There are few comfort foods we prepare aboard Del Viento, our Fuji 40, that are as inexpensive, widely available and versatile as pasta, in all shapes and sizes. Whether in cold climes or warm, our go-to approach (and our kids’ favorite) is to serve it hot, with red sauce. Sail the world over and it doesn’t get any easier than it is in the United States to find good-tasting red sauce in supermarkets — but sauces sold in cans and jars are often filled with high-fructose corn syrup and other unpalatable ingredients. Farther afield, if you can even find pre-made sauce, it’s expensive. Fortunately, all the ingredients needed to make the best homemade sauce in the world are widely available everywhere. Good-quality canned tomatoes are the foundation of this sauce. The ingredients I use have long shelf lives, so are easy to have on hand during extended passages or periods away from civilization. This recipe is rather simple, and what we prefer, but can be easily modified with the addition of other veggies at hand, such as bell peppers. If you have access to fresh herbs, substitute those! Also, ratios are flexible; try experimenting for changes in taste and consistency. Whatever the outcome, you’ll never go back to Ragu.
- 6 tablespoons olive oil
- 3 medium carrots, in 1/4-inch dices (about 11/2 cups)
- 1 medium/large onion, coarsely chopped (about 11/2 cups)
- 4 cloves garlic, peeled and whole
- 1 28-ounce can tomatoes (whole, diced or crushed)

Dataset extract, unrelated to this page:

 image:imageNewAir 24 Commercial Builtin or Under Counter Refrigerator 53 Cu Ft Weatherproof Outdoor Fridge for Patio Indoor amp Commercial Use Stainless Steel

- 1 teaspoon dried oregano
- 1 teaspoon dried basil
- 1/2 teaspoon dried thyme
- 1/3 teaspoon dried rosemary
- 1/4 teaspoon black pepper
- Salt, to taste
In a sauce pot, saute the carrots in the olive oil on medium-high heat. After two minutes, add the onion, stirring often. When these have browned and softened, add garlic cloves and continue stirring to give everything a chance to sear on the pot bottom. When the garlic cloves show signs of browning, check to be sure carrots are soft. (The carrots and onions should show some charring. If they charred too quickly and are not yet soft, add a couple of tablespoons of water, turn heat down to medium and cover for a few minutes.) When the veggies are done, add canned tomatoes and all herbs and spices. Reduce heat to medium-low. Blend the ingredients in the pot using an immersion blender (or carefully transfer to a conventional blender, then return to pot). Simmer over low heat, covered, for 15 to 20 minutes to let ingredients blend and flavor the sauce. Add salt to taste, keeping in mind that any parmesan cheese added later will also salt the dish. Serve over your favorite cooked pasta. Yields about 4 cups of hearty marinara sauce.
Preparation: At anchor & underway
Time: 1 hour, 15 minutes
Cook’s Note: We use a Swiss-made Bamix immersion blender, which does everything a full-size conventional blender would but in a compact form that stows nicely. If you don’t have either an immersion blender or a conventional blender, simmer sauce gently over very low heat for about 40 minutes, covered — and serve as is!